Mûş'un Korkut ilçesinde bağlı Vartinis köyünde 2 Ekim 1993 yılında yaşanan ve tarihe "Vartinis Katliamı" olarak geçen olay belgesel oldu. Hak ihlallerini, belgesel projeleriyle belgelemek için bir araya gelen dört yönetmen, katliamın tanıklarını ve dava sürecini aktaracakları Vartinis belgeselinin çekimlerini tamamladı. Çekimler için katliamın yaşandığı Vartinis'e giden ve burada köylülerle çok sayıda söyleşi gerçekleştiren yönetmenler, katliama tanık olan yurttaşların katliam üzerinden uzun yıllar geçmesine rağmen yaşadığı duyguları da kaydetti. Kurgu çalışmalarının devam ettiği belgesel Eylül ayında tamamlanması bekleniyor. Belgesel, hem yurtiçi hem yurtdışı festivallere gönderilecek.

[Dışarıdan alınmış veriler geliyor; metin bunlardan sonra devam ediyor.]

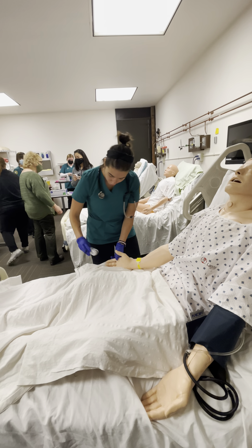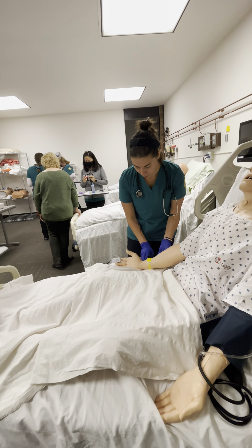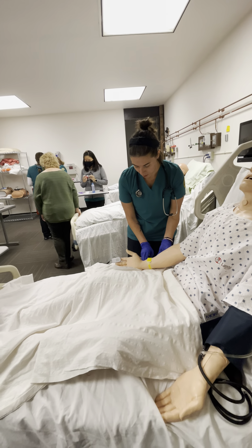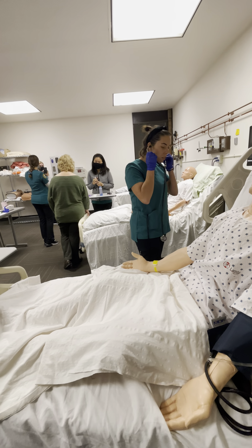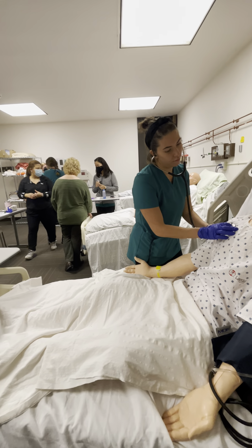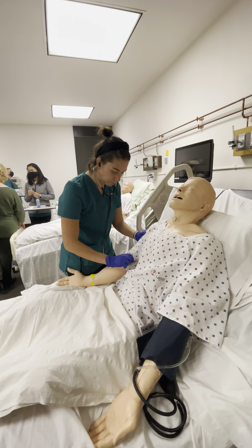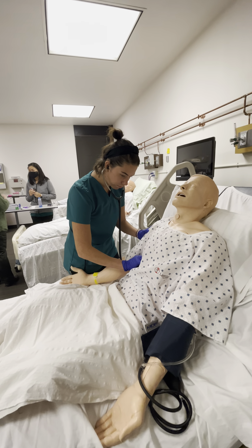Okay, I'm going to check your vitals again — check your pulse. Okay, that all looks well. Go ahead and listen to your breath sounds again. Nice deep breath in and out.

Amaç hak ihlallerini belgelemek
Yönetmenlerden Celil Badikanlı, asıl amaçlarının yaşanan hak ihlallerinin belgeleyip yarınlara taşımak olduğunun altını çizdi. Daha önce dengbêjlerle ilgili bir belgesel çalışması yapan ve hak ihlallerinin belgelenmesi gerektiğine inanarak Vartinis Katliamı'nın belgeselini çekmeye karar verdiklerini ifade eden Badikanlı, özellikle 1990'lı yıllardan bu yana binlerce hak ihlalinin yaşandığını ve belgelenmediğini, bu nedenle de insanların unutmaya alıştıklarına vurgu yaptı.

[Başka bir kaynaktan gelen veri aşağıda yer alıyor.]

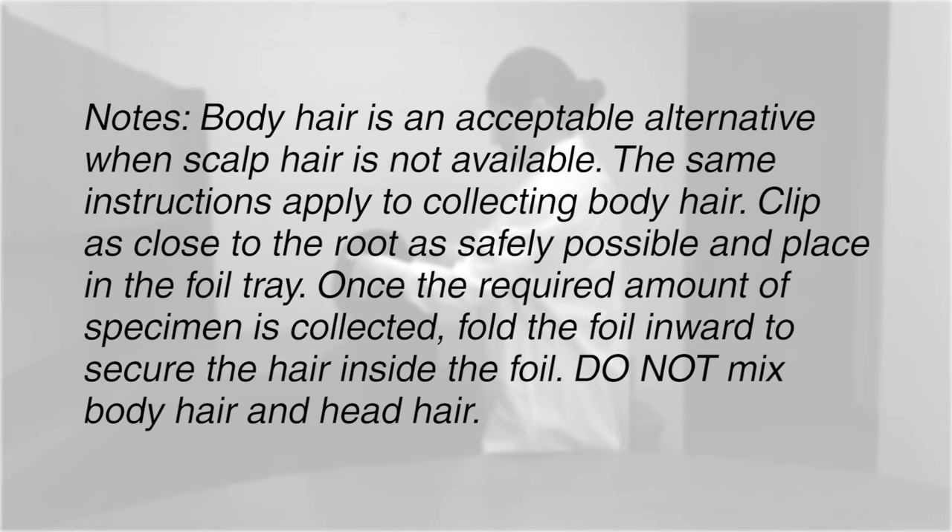Body hair is an acceptable alternative when scalp hair is not available. The same instructions apply to collecting body hair. Clip as close to the root as safely possible and place in the foil tray. Once the required amount of specimen is collected, fold the foil inward to secure the hair inside. Do not mix body hair and head hair.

'Tarihsel yüzleşme önemli'
Böylesi katliamların kesinlikle belgelendirilmesi gerektiğine dikkat çeken ve tarihsel yüzleşmenin önemi üzerinde duran Badikanlı, "Bizim yapmak istediğimiz orada yaşananları belgelemek. İnsanlar izler mi, izlemez mi bilmiyoruz ama asıl mühim olanın oradaki zulmün belgelenmesi gerekliliği diye düşünüyoruz" diye belirtti.

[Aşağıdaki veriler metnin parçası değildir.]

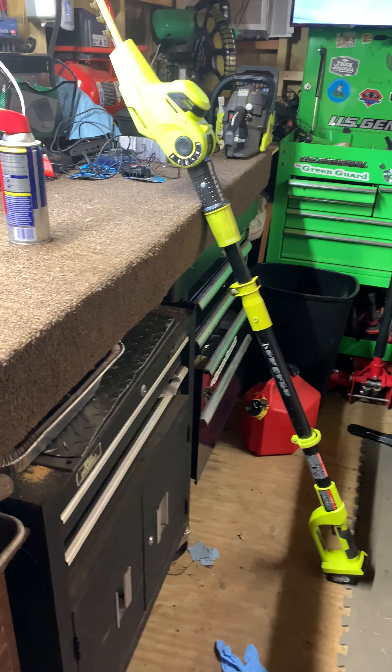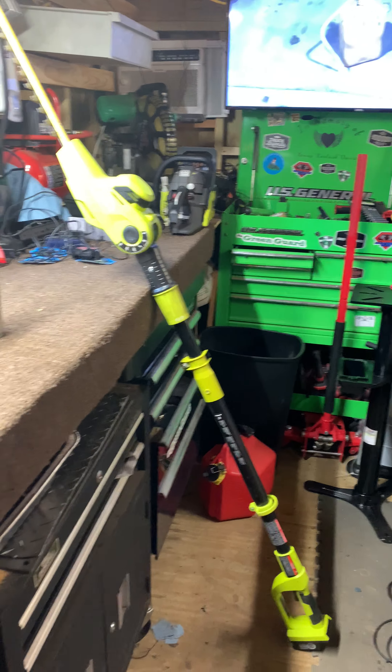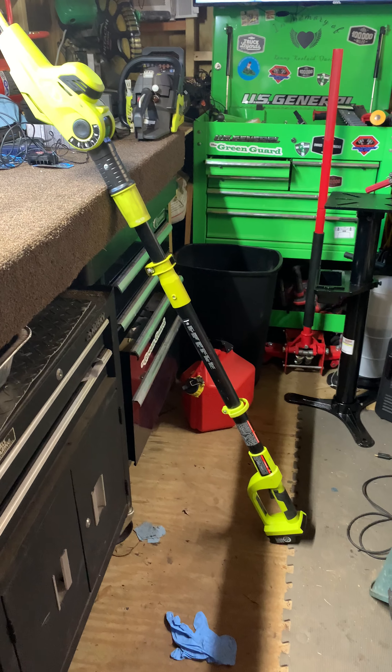What's up guys, New Hope Cuts here. We're going to do a video, just a follow-up — a one-year review of the Sun Joe Articulating Arm that I got.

Badikanlı, belgeselin önemli bir kısmının, katliamda evde olmadığı için hayatta kalan Aysel Öğüt'le yaptıkları görüşmelerin oluşturduğunu ve Öğüt'ün katliamın bizzat tanığı olmasından dolayı belgesele ışık tuttuğunu ifade etti. Ölüp gidenlerden sonra kalanların daha çok acı çektiğini ve katliamın tanığı Öğüt'ün dava sonuçlanmadan önceki umudunu gözlemledikleri gibi davanın beraatla sonuçlanması sonrasında Öğüt'ün yıkımına da şahit olduklarını anlatan Badikanlı, karar duruşmasında köyde çekimlerde olduklarını söyledi.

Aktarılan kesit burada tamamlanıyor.